If enacted into law, the Senate's draft bill would repeat the mistakes of the Iraq Liberation Act. Calling for regime change would derail ongoing diplomatic negotiations that represent the best chance to prevent an Iranian nuclear weapon, avoid war, and seriously address human rights while taking pressure off of Iran's indigenous human rights and democracy movement. It would only confirm for the Iranian government their deep-rooted suspicions that U.S.-led economic pressure is not really part of a diplomatic effort to convince Iran to curb its nuclear program, but rather an attempt to overthrow the Islamic Republic itself. But for some lawmakers in the Senate, regime change imposed by the U.S. is the only acceptable approach to Iran.

This latest push for Congressional sanctions comes after negotiations in Almaty, Kazakhstan between the P5+1 and Iran failed to produce an agreement to ease tensions over Iran's nuclear enrichment program. As relations with Iran have declined due to concerns over possible weapons dimensions to Iran's nuclear program, the United States has instituted the most comprehensive unilateral sanctions regime in history in an effort to pressure Iran to accept a deal it would otherwise refuse. NIAC's latest report on the impact of sanctions on Iran, "Never Give In, Never Give Up," details how this sanctions-first strategy has failed to alter Iran's nuclear calculus despite imposing significant punishment on Iran's economy.

Rather than give in to American-led economic pressure, Iran is focusing its efforts on adapting its economy to the sanctions, targeting Western and Israeli interests around the world and taking steps to create new facts on the ground with regard to its nuclear program. Despite the escalation of sanctions over the past four years, Iran's nuclear program has continued to advance. Absent a diplomatic agreement that includes sanctions relief for Iran in exchange for limitations on enrichment, Iran's nuclear capabilities are likely to continue to advance, ordinary Iranians will bear the costs of international sanctions, and the threat of a military conflict will escalate.

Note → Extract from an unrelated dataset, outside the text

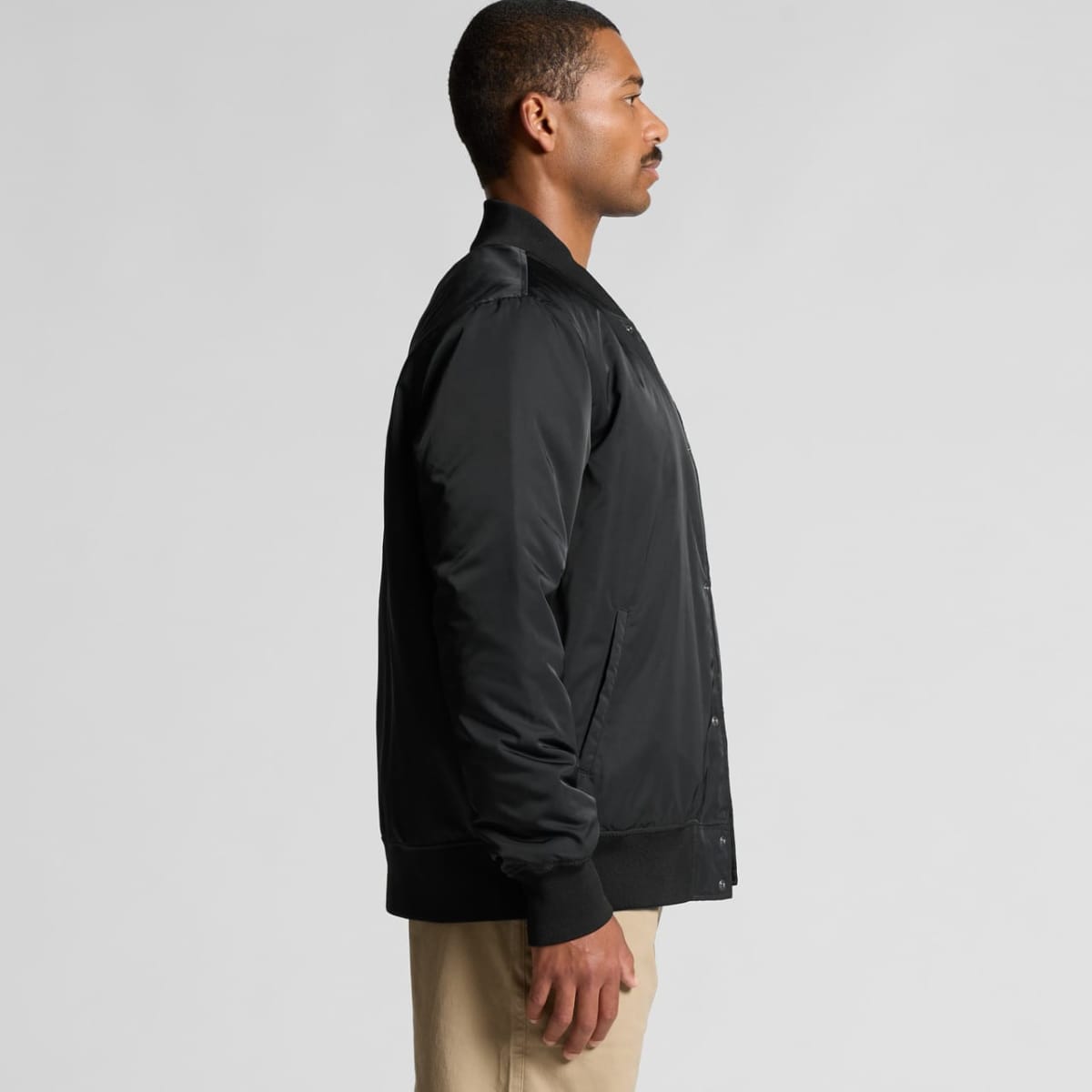 College Bomber Jacket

In February, Director of National Intelligence James Clapper reiterated before the Senate Select Committee on Intelligence that despite progress in its nuclear enrichment capabilities, Iran has not yet made a decision on whether to pursue a nuclear weapon. As a result, there is clearly still time for diplomatic negotiations to convince Iran not to pursue one. But to do so, Iran needs to be convinced that the United States is fully committed to a negotiated resolution, not war or U.S.-imposed regime change. Unfortunately, the next round of Congressional sanctions could undercut negotiations before they have a chance to make progress.

Despite the bill's supposed interest in supporting human rights and democracy, by making war more likely it could have the complete opposite of its intended effect. Further, adding onto the already painful web of sanctions would do nothing to stem the steep costs the sanctions regime and the Iranian government's economic incompetence have imposed on the Iranian people, including dramatically rising unemployment and shortages of medicine and pharmaceuticals needed to save lives.

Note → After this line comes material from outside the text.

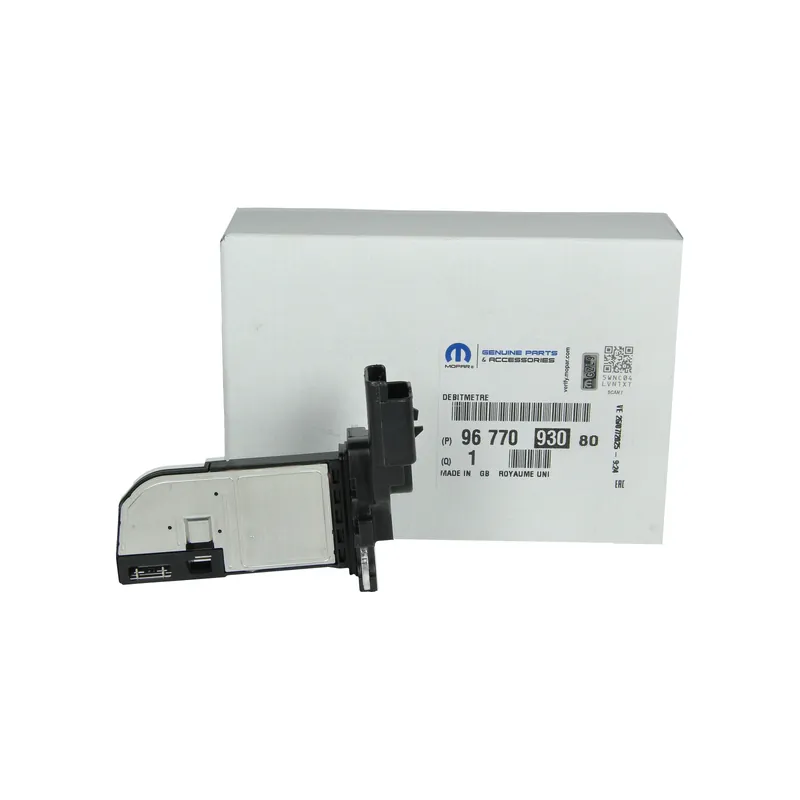 Měřič Průtoku Vzduchu Originál Citroen Peugeot 9677093080 Pouze Dnes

The Atlantic Council, in a recent report, warns that these effects are causing the Iranian people to shift blame for their suffering from the regime to the United States and its allies. In order to regain the good will of the Iranian people and support human rights and democratic growth in Iran, lawmakers in Congress would be well-served to re-focus their legislation to encourage banks to utilize sanctions exemptions for humanitarian goods, or to introduce new sanctions exemptions so that the Iranian people have greater access to technology that helped democratic activists in the Green Movement in 2009.

Economic pressure has only served to solidify Iran's intransigence. This time, however, the sanctions appear directly targeted to undermine the Obama administration's diplomatic engagement. Let's hope our lawmakers remember what happened the last time we went down this road.